How Led Zeppelin used ‘Going to California’ to show their love for Joni Mitchell

Led Zeppelin had some obvious forefathers in their sound. They borrowed liberally from blues legends like Robert Johnson and Howlin Wolf as well as contemporaries like Jake Holmes and the Jeff Beck Group. But Led Zeppelin took influence from artists that weren’t nearly as hard rocking or bluesy as they were, most notably folk-jazz icon Joni Mitchell.

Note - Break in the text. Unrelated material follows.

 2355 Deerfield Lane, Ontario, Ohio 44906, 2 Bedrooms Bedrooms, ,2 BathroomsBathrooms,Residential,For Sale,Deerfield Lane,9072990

“That’s the music that I play at home all the time – Joni Mitchell,” Page told Rolling Stone in 1975. “The main thing with Joni is that she’s able to look at something that’s happened to her, draw back and crystalize the whole situation, then write about it. She brings tears to my eyes. What more can I say? It’s bloody eerie.”

Robert Plant was also a fan of Mitchell’s. “[She’s] the queen of all that beautiful music that was written around that time for the late ’60s on through,” Plant gushed about Mitchell during his appearance on the BBC Radio 2 programme Tracks Of My Years. “Her catalogue is incredible, and her concerts were really beautiful, incredibly moving. The whole Laurel Canyon music scene up there in Sunset Boulevard was something really special.”

It was possible to hear Zeppelin pay direct tribute to Mitchell. On the classic Led Zeppelin IV album cut ‘Going to California’, Zeppelin adopted the light acoustic setup that Mitchell favoured in her own work. Plant even managed to fit in an oblique reference to Mitchell’s work in the lyrics, with the line: “To find a Queen without a King / They say she plays guitar and cries and sings,” referencing Mitchell’s ‘If I Had a King’ from her debut album Song to a Seagull.

If that allusion wasn’t clear enough, Plant would frequently call out Mitchell’s name while performing the song live. Mitchell seemed flattered by the admiration from Led Zeppelin, especially compared to some of their peers who didn’t seem to want to give Mitchell her due credit.

“Other artists would cross the street when I walked by,” Mitchell told Interview in 2005. “Initially, I thought that was due to elitism, but I later found out they were intimidated by me. Straight white men. They would come up to me and say, ‘My girlfriend really likes your music,’ as if they were the wrong demographic. Led Zeppelin was very courageous and outspoken about liking my music, but others wouldn’t admit it.”

For their part, Led Zeppelin didn’t feel welcomed by Mitchell’s peers in the California rock scene either. “The people who lived in Laurel Canyon avoided us,” Plant later stated. “They kept clear because we were in the tackiest part of the Sunset Strip, with tacky people like Kim Fowley and the GTOs.” Despite some of their gripes, Joni Mitchell and Led Zeppelin shared some mutual admiration during the early 1970s.